Rivian stock price outlook

Rivian’s (NASDAQ: RIVN) Q4 release further proves that the EV market bubble has burst. Internal metrics and guidance suggest demand has peaked and current capacity is too much. The takeaway is that business isn’t getting any better soon; if Rivian can’t start producing profits, it will go the way of the wild buffalo into history. 

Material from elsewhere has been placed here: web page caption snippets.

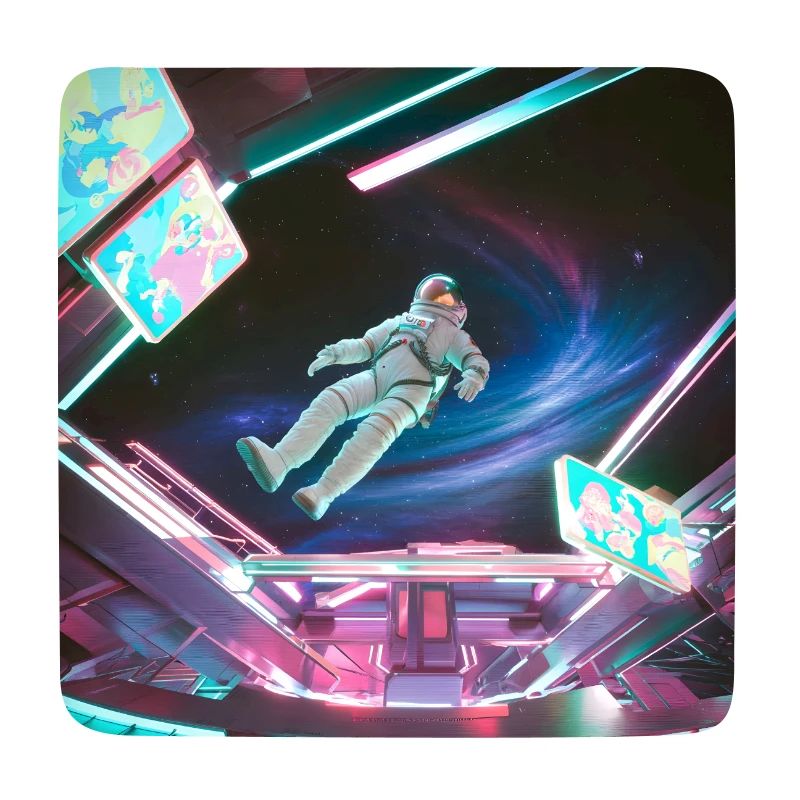 Combinaison spatiale arcadienne spatiale - Néon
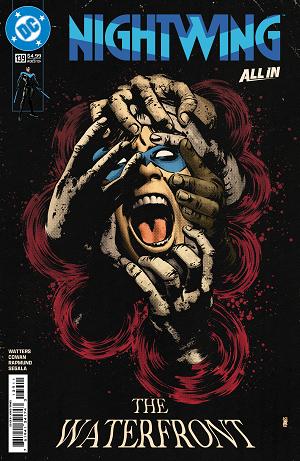 Nightwing #139 CVR A JORGE FORNES cover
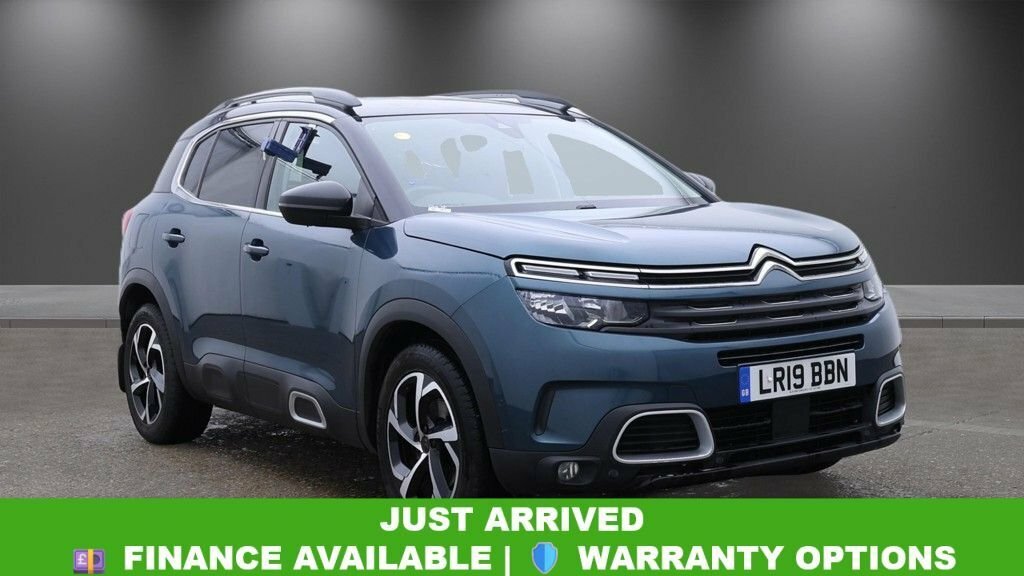 Citroen C5 Aircross 1.2L Flair Blue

Not all market participants are unhappy with the results. Whoever sold the 15% of shares short on the market is sitting pretty, with the market down 25% for the day, setting an all-time low for the stock. Because the outlook is so gloomy and profits are still years away, short sellers will likely lean into this trade, and if they don’t, sellers will likely meet any rebound and keep this market in a downtrend

Rivian implodes on mixed results and weak guidance 

Rivian had a rough quarter in Q4, ramping production for what appears to be no reason at all. The company’s revenue outpaced the consensus estimate, but overproduction cut into the bottom line, aiding a larger-than-expected loss. The $1.32 billion in revenue is up 100% YOY and outpaced the analysts’ consensus target by 470 basis points, which may be the only good news. Regarding production and deliveries, production topped 17,500 units, with only 80% delivered, and deliveries fell sequentially. 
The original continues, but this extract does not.